Observed: -3% (within noise) → falls into the "marginal but no regression" bucket. Ship for the kernel.org submission story (no `_irqsafe` from process context = upstream-idiomatic) even though performance is unchanged.
## Receipts checklist
- [x] N=3 reps captured at fresh-chip uptime (544/716/750 s — within first 13 min, before scan-failure-cadence onset)
- [x] All reps under same conditions: same fresh boot, same nc listener, same AP (newton, BSSID c0:25:06:e6:61:b0 on chan 1)
- [x] No WARN/BUG/oops on any rep
- [x] dmesg pattern: only the pre-existing wsm_generic_confirm 0x0007 noise — same on Patch B / Patch F / Patch C v3 / D / E / C2 (firmware-side, independent of all our patches)

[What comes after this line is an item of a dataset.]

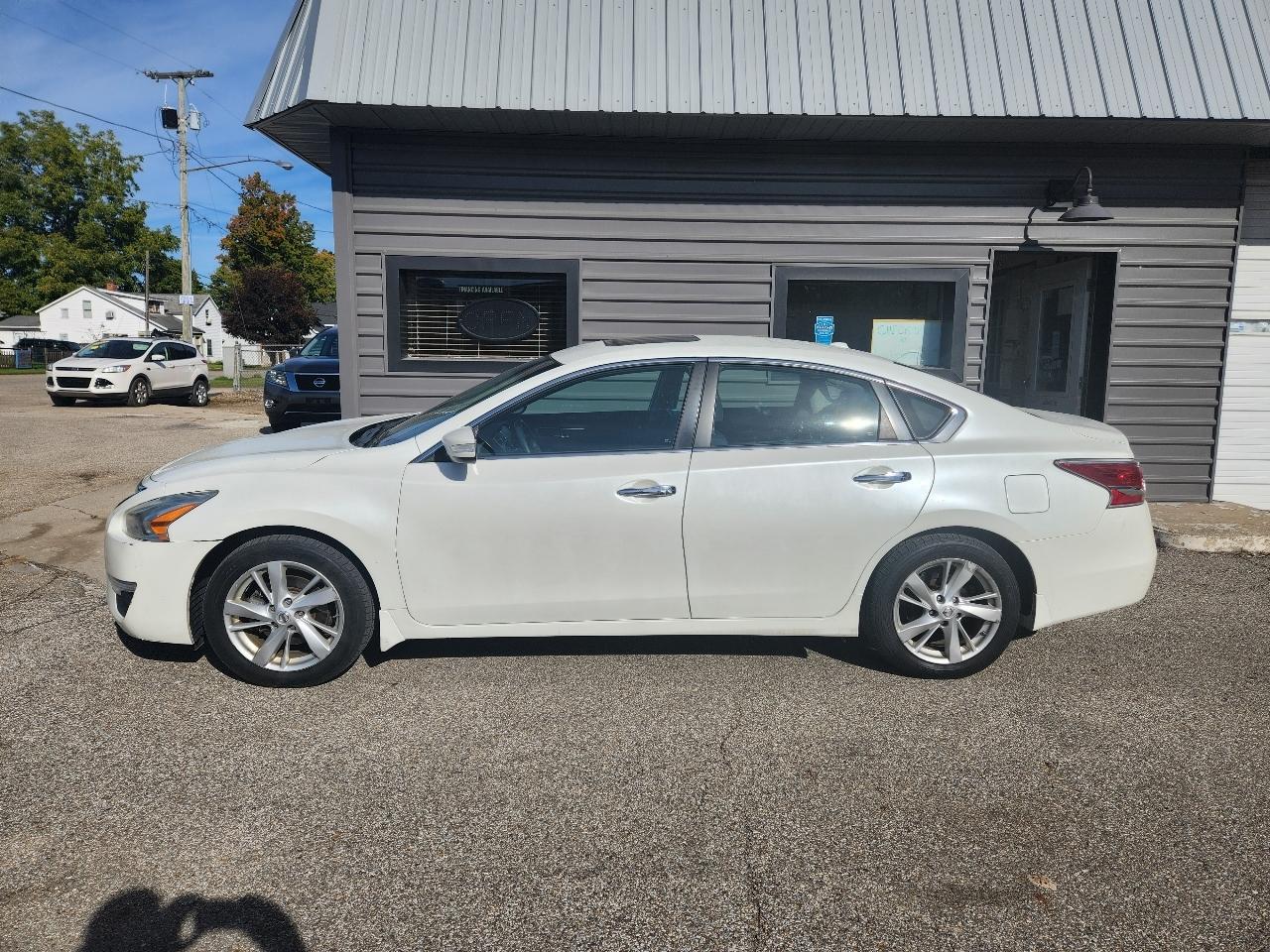 Nissan Altima 4dr Sdn I4 2.5 SV 2015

- [x] Wired-rig telemetry collection — would have caught any wedge that wlan0 ate
- [x] Rig-failure-is-finding: an early "0-throughput" set of reps was rig artifact (nc-loop race, port-binding state from a prior session) — caught and discounted per `feedback_rig_failure_is_finding`. The recovered N=3 reps used setsid-detached listener + post-reboot fresh state.
## Phase 8 lesson
**Drop-in replacements with the right kerneldoc reading still need Phase 7 measurement.** I expected +5-15% from removing the tasklet schedule. Got -3% (noise). The cost we were saving was already amortised by something else (NAPI infra? per-CPU softirq scheduling?). The kerneldoc-correctness story stands; the perf story does not.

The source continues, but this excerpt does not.